Ritika discovers Snowpark, allowing Python logic to run inside Snowflake compute.

Install:

pip install snowflake-snowpark-python

Example:

from snowflake.snowpark import Session

session = Session.builder.configs(connection_parameters).create()

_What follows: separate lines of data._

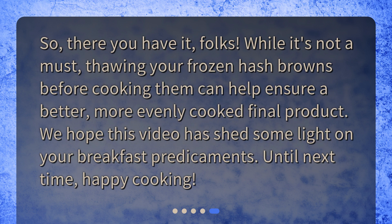So, there you have it, folks. While it's not a must, thawing your frozen hash browns before cooking them can help ensure a better, more evenly cooked final product. We hope this video has shed some light on your breakfast predicaments. Until next time, happy cooking!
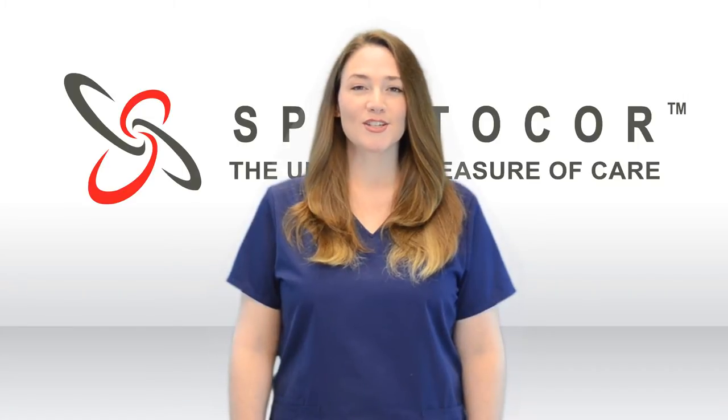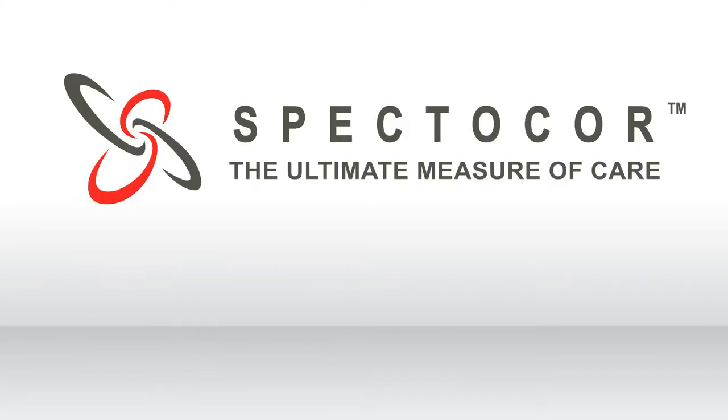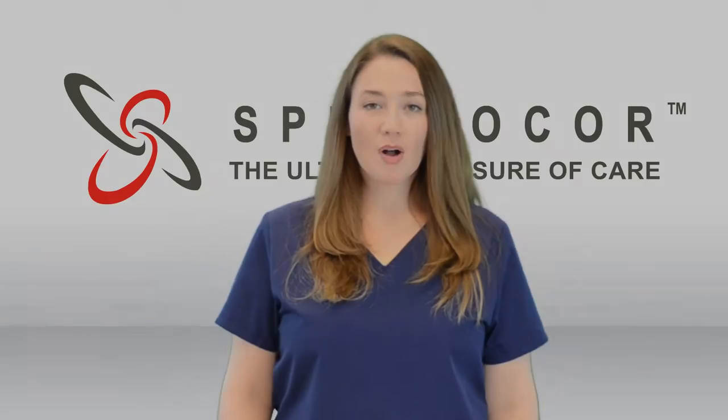Welcome to Spectacore, the ultimate measure of care. This is Yondi, and I'm going to show you how to set up your Pocket ECG.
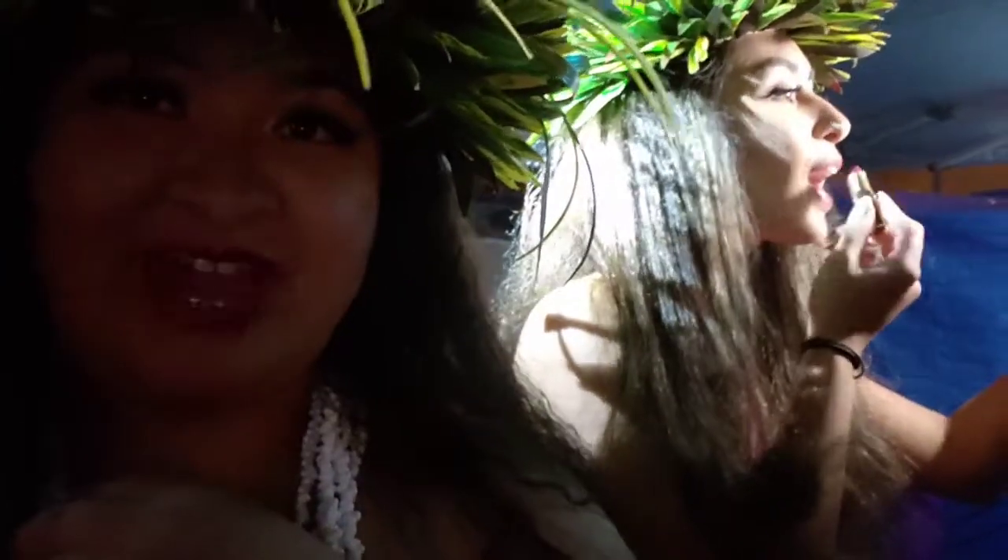Now we're all getting ready. There's Jasmine in the back — we love her. We're all almost ready, it's almost time for the show. Also, this camera looks better — I should just record on this one.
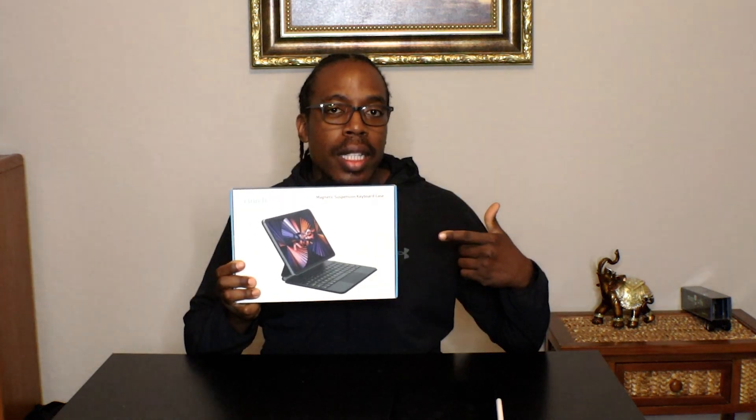This product is the Runel keyboard case for the iPad 10th generation. It has many great features.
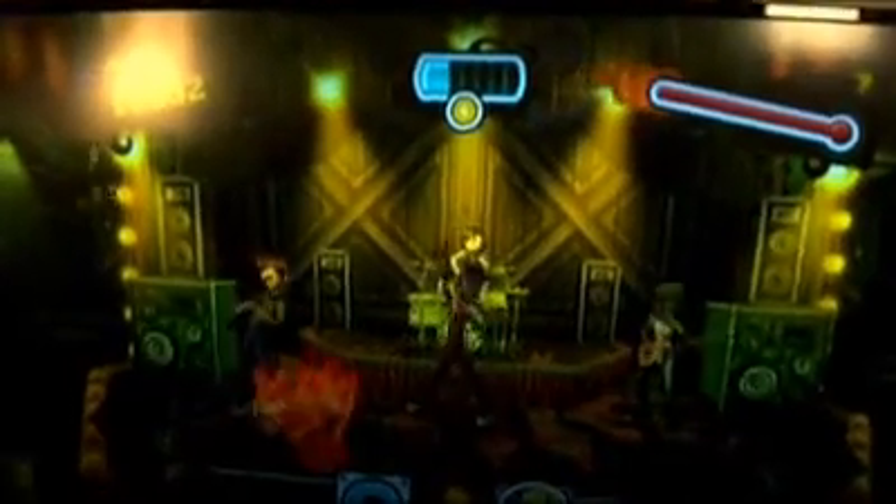We thought about the kids that would be playing this game and what they might like, and we just tried to make it really fun and exciting but also a little bit edgy, and tried to make it as cool as we could so they have a great experience playing the game.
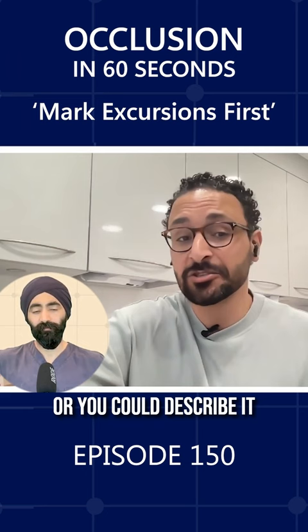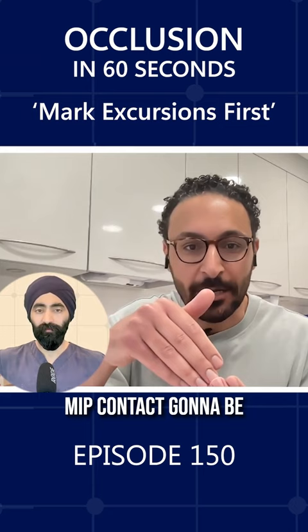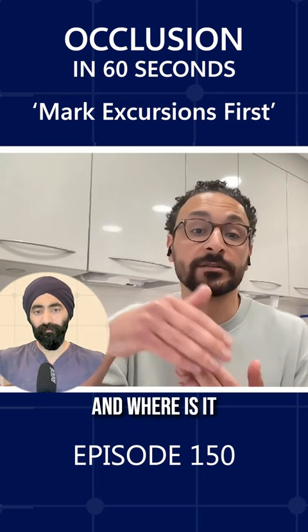You can write a note saying 'protrusive contact on adjacent tooth.' With the tap-tap, you're trying to see how far the MIP contact is going to be from your margin — is it going to be on composite, is it going to be on tooth, and where is it relative to your margin? Because you want the MIP contact at least a millimeter away from your margin.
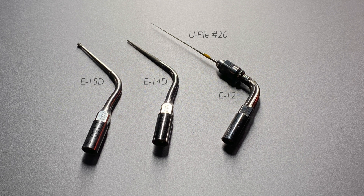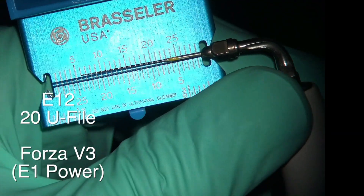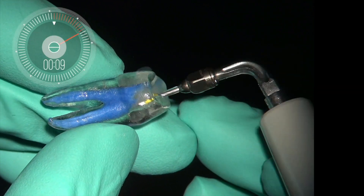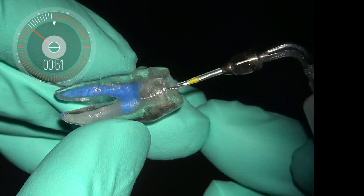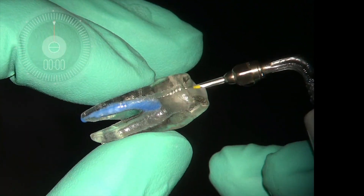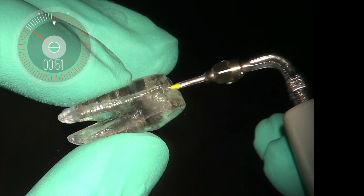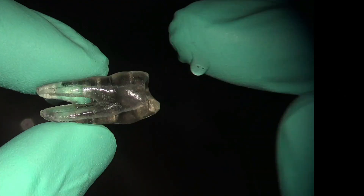I wanted to show how the E15D is used. I may have shared this video before — with over 500 videos now I honestly don't know. But here it is. The E12 tip water from the ultrasonic runs through the side of the file tip. In a time-lapse of about one minute of application in a clear TrueTooth model, it very nicely cleans out the tenacious gel debris inside the canal, showing that flushing is happening. This is a fairly straight route, so we're able to achieve length, but with a curve you can still get irrigant motion beyond the tip.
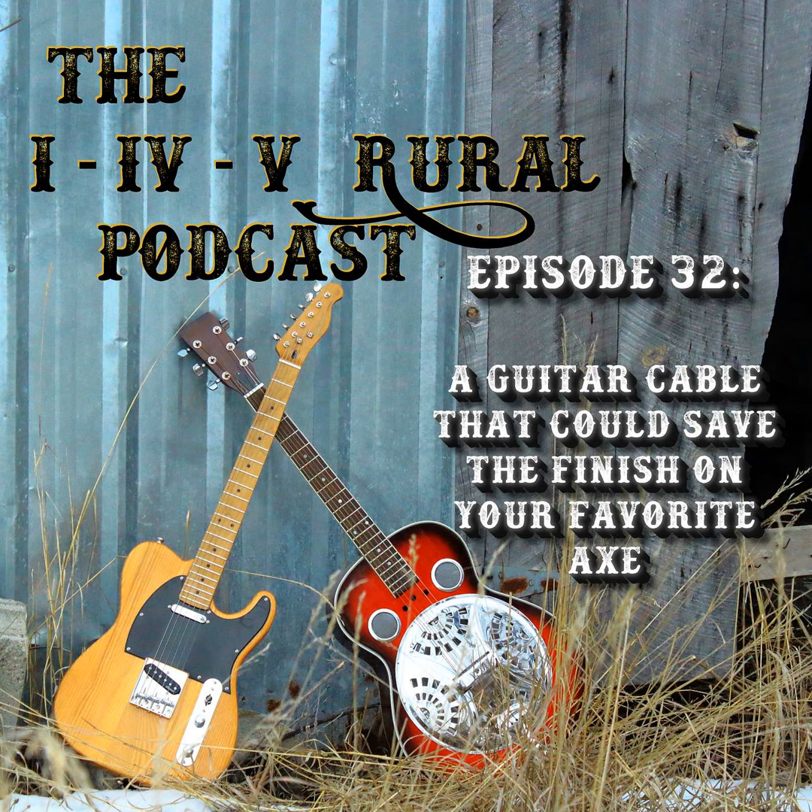Next we'll talk about a 335 guitar — semi-hollow. Take a look at that. This is the reason you would consider getting an angled tip. If you do the straight tip on one of these, it works, it's fine, but look how far that thing sticks out — look how high that is. When you're playing on stage, during a performance, that's pretty easy to get in the way. But if you do an angled tip on these, especially with a snakehead, just slip it through and you've got that nice flat look. So much better.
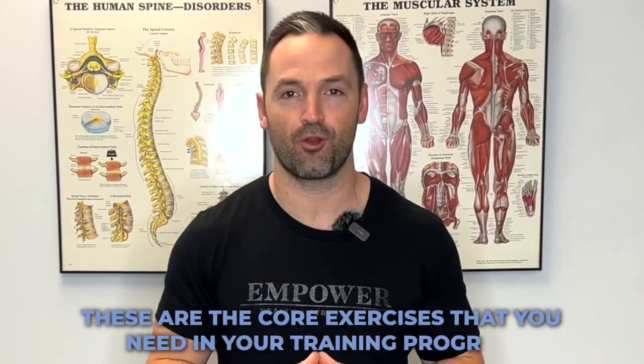If you're an athlete, these are the core exercises that you need in your training program. And at the end of the video, I'll be explaining why. For the first exercise, you will need an exercise ball.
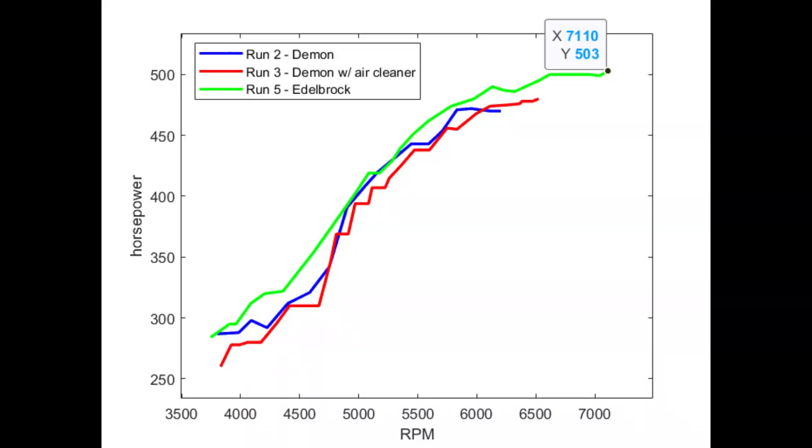Here's the power curve for run number five with the Edelbrock carburetor. Peak power was 503 at 7100 RPM. The engine was at 500 horsepower pretty much flat from 6500 all the way to 7000, with a slight bump up to 503 at 7100. I didn't want to rev it beyond 7100 — I didn't build the bottom end for that. The engine made about 20 horsepower more on average with the Edelbrock than it did with the Demon.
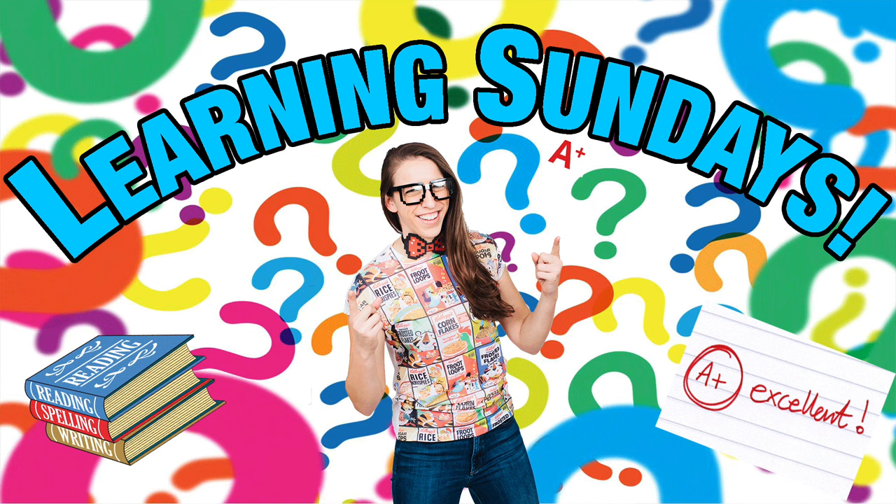Hey everybody! Welcome to another Learning Sunday where every Sunday we learn something together. Today I'm going to teach you guys how to do laundry, because I feel everyone should know how to do their own laundry. I've heard a lot of stories of people going off to college and they don't know how to do their own laundry and then they just smell.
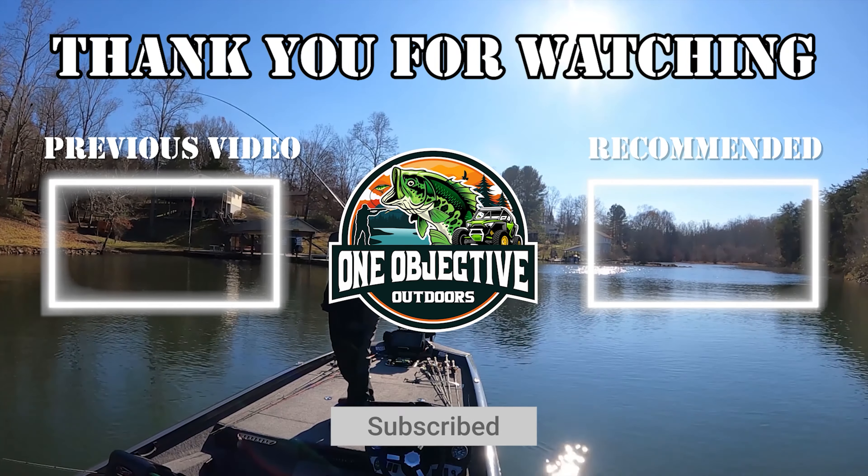I just wanted to tell you all my setup and run you down what I've been doing — what you've been seeing in the videos. I hope you like what you've seen. Please like and subscribe to our channel. You can check out our tackle and everything on our website, oneobjectivebf.com. That helps support the channel and helps us keep putting videos out. Until then, I hope to see you on the water next time.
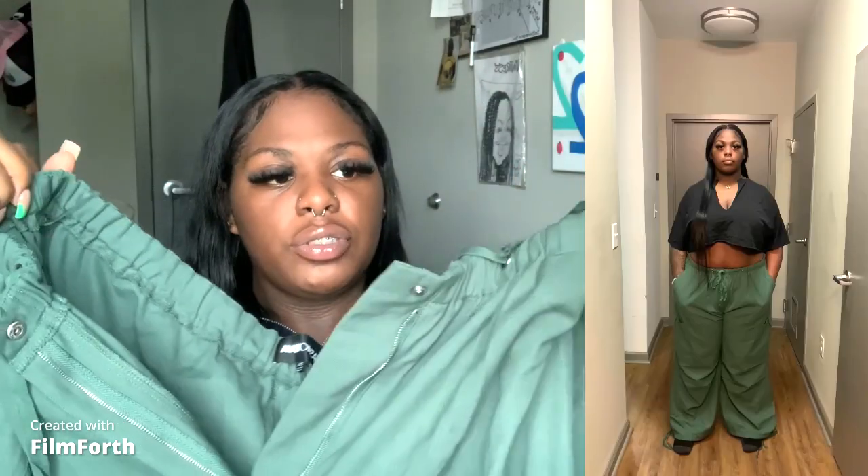Lastly, we have the City Streets Oversized Joggers. I love these so much. They come with a drawstring at the upper end, a zipper all the way down, big pockets with a drawstring at the bottom. I really like these joggers because you can cinch them at the bottom or leave them loose. That's it for the Fashionova haul.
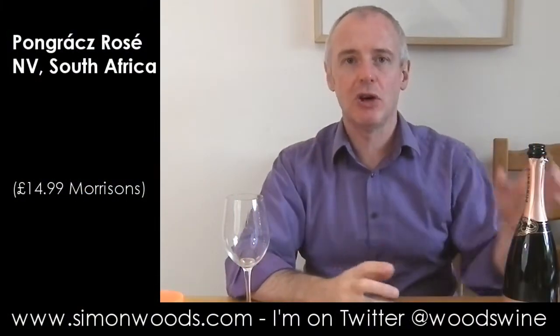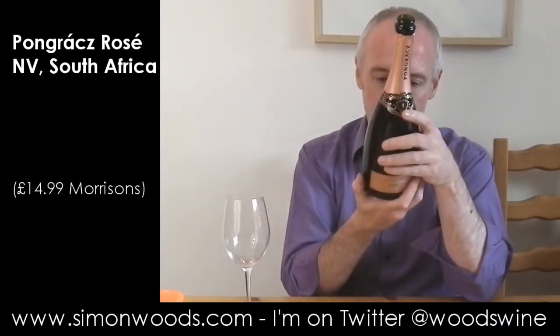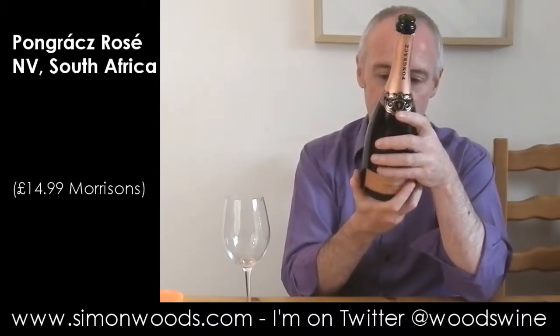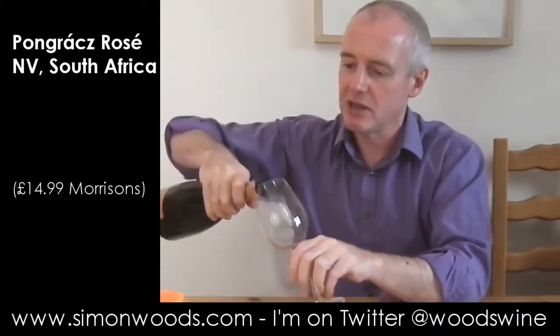Hi there, Simon from SimonWoods.com. Today, Pongrat's Method Cap Classique — so traditional method, methode champenoise, whatever you want to call it — but it's the rosé, made from noble cuvées, noble varietals in the classic French tradition. Let's give it a whirl. I think it's non-vintage. Anyway, chuck it in the glass.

df = session.table("ORDERS")
df_filtered = df.filter(df["REVENUE"] > 1000)

df_filtered.show()

Benefits:

Pushdown compute to Snowflake
Distributed processing
Zero data movement
ML model execution inside Snowflake

🔥 2. Snowflake + PySpark Integration

Snowflake integrates with PySpark via the Spark Snowflake Connector.

Perfect for:

Large-scale Spark transformations
Ingest from Delta Lake
ETL pipelines running on Databricks or EMR
Converting Spark DataFrames → Snowflake tables

🔌 2.1 Spark Snowflake Connector Setup

Add dependencies:

--packages net.snowflake:snowflake-jdbc:3.13.28,net.snowflake:spark-snowflake_2.12:2.12.0-spark_3.3

Connection options:

sfOptions = {
  "sfURL": "AB12345.snowflakecomputing.com",
  "sfAccount": "AB12345",
  "sfUser": "RITIKA",
  "sfPassword": "xxxx",
  "sfDatabase": "SALES_DB",
  "sfSchema": "PUBLIC",
  "sfWarehouse": "SPARK_WH"
}

Write Spark DataFrame → Snowflake

df.write \
  .format("snowflake") \
  .options(**sfOptions) \
  .option("dbtable", "ORDERS_CLEAN") \
  .save()

Read from Snowflake → Spark

df_snow = spark.read \
  .format("snowflake") \
  .options(**sfOptions) \
  .option("query", "SELECT * FROM SALES_DB.PUBLIC.ORDERS") \
  .load()

🏔️ 3. Snowflake + Databricks — A Modern Lakehouse Integration

Databricks teams often use:

Spark for heavy transformations
MLflow for experimentation
Delta Lake for raw zone
Snowflake for analytics, BI & governed modeling

Ritika builds a pipeline:

Raw data → Delta Lake
Transform in Databricks using PySpark
Load curated data → Snowflake
Analysts query Snowflake using BI tools

🔗 3.1 Databricks + Snowflake Connector Example

In Databricks notebook:

options = {
  "sfUrl": "ab12345.ap-south-1.snowflakecomputing.com",
  "sfUser": dbutils.secrets.get("snowflake", "USER"),
  "sfPassword": dbutils.secrets.get("snowflake", "PASSWORD"),
  "sfDatabase": "REVENUE_DB",
  "sfSchema": "PUBLIC",
  "sfWarehouse": "DBRICKS_WH"
}

spark_df = spark.sql("SELECT * FROM unified_sales")

spark_df.write \
  .format("snowflake") \
  .options(**options) \
  .option("dbtable", "UNIFIED_SALES_SF") \
  .mode("overwrite") \
  .save()

Why Databricks integrates well with Snowflake:

High-performance parallel load
Supports Delta → Snowflake
Easy credential management via Secrets
Handles large ETL pipelines

🤖 4. Machine Learning Workflows

Ritika combines:

Snowpark for Python (feature engineering inside Snowflake)
Spark ML or Databricks MLflow
Snowflake UDFs & UDTFs
Model scoring inside Snowflake

Example: Deploy ML model using Snowpark UDF:

@udf
def score_model(amount: float) -> float:
    return amount * 0.98  # simplified example

Apply on Snowflake table:

session.table("ORDERS").select(score_model("REVENUE")).show()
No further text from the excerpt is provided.